**What you should do**:
The expected answer is the full listing, repeated exactly and free of images.

**Data excerpt**:
____________________
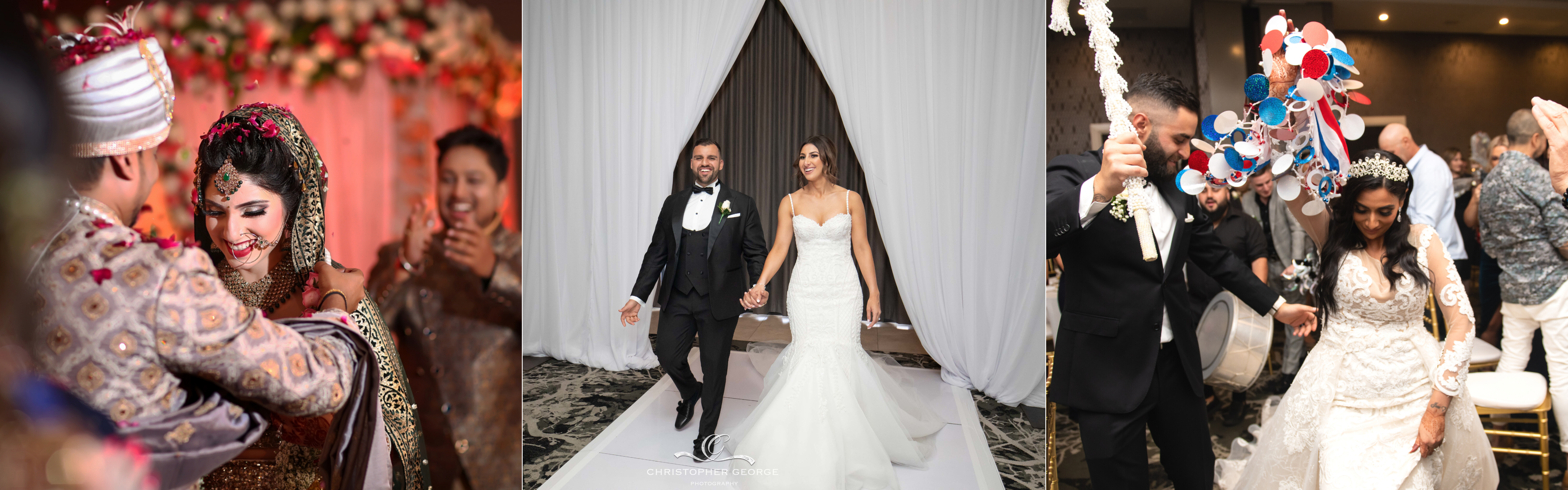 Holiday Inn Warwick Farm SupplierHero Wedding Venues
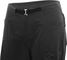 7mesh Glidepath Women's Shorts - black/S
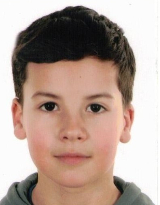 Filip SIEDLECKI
____________________
**Response below**:
 Holiday Inn Warwick Farm SupplierHero Wedding Venues
 7mesh Glidepath Women's Shorts - black/S
 Filip SIEDLECKI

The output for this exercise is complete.